_TASK BRIEF:_ Give again exactly the lines that stretch from the one with "3 Tiers Versatile" to the end of the data below, including both of those lines and nothing else.

(EXTRACTED ENTRIES)

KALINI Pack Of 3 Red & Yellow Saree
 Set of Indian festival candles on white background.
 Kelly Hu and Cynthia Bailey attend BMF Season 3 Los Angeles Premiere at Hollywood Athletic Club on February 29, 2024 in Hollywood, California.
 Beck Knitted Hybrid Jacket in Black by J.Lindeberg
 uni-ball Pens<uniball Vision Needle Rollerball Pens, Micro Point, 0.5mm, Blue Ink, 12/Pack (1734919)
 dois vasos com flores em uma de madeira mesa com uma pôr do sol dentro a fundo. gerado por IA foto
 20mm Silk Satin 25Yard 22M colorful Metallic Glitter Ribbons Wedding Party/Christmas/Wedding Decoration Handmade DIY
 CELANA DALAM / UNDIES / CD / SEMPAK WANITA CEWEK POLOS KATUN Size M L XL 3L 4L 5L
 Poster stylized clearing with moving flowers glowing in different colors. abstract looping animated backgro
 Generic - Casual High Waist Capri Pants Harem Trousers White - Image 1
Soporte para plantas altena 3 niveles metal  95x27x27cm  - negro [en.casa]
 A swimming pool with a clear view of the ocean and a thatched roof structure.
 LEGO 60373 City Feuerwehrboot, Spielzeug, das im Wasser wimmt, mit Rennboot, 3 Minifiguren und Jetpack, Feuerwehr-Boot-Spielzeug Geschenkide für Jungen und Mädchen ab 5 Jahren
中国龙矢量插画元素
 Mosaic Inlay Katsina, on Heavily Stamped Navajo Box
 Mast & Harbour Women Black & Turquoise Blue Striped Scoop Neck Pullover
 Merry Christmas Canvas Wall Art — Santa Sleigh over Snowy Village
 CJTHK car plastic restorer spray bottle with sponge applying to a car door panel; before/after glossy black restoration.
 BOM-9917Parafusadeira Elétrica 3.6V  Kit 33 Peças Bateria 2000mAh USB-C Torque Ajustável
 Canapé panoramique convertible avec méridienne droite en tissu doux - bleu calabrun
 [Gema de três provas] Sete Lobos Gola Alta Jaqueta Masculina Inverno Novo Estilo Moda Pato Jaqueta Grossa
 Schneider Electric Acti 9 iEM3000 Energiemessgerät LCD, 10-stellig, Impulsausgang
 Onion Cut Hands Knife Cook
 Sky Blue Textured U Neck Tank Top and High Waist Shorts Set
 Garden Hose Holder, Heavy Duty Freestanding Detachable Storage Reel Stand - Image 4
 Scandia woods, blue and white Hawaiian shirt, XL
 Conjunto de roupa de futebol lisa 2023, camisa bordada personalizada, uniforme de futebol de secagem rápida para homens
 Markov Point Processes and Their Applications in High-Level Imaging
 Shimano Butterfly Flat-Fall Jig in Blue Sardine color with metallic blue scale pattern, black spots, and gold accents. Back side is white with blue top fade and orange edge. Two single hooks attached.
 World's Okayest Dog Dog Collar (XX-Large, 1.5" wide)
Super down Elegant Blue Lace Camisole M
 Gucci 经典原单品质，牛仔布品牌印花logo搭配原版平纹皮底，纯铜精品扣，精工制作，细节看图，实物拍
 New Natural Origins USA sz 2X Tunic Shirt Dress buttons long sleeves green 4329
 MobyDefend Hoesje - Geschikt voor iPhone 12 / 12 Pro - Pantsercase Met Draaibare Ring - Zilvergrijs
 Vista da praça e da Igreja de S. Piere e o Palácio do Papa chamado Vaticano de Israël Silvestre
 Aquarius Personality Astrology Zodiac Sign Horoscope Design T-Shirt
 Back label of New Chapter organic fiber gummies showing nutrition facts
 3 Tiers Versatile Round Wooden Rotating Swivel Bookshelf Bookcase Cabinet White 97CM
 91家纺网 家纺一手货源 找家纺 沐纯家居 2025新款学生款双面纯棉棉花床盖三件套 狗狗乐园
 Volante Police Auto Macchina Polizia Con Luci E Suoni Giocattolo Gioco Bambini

(End EXTRACTED ENTRIES)

_FINAL ANSWER:_
 3 Tiers Versatile Round Wooden Rotating Swivel Bookshelf Bookcase Cabinet White 97CM
 91家纺网 家纺一手货源 找家纺 沐纯家居 2025新款学生款双面纯棉棉花床盖三件套 狗狗乐园
 Volante Police Auto Macchina Polizia Con Luci E Suoni Giocattolo Gioco Bambini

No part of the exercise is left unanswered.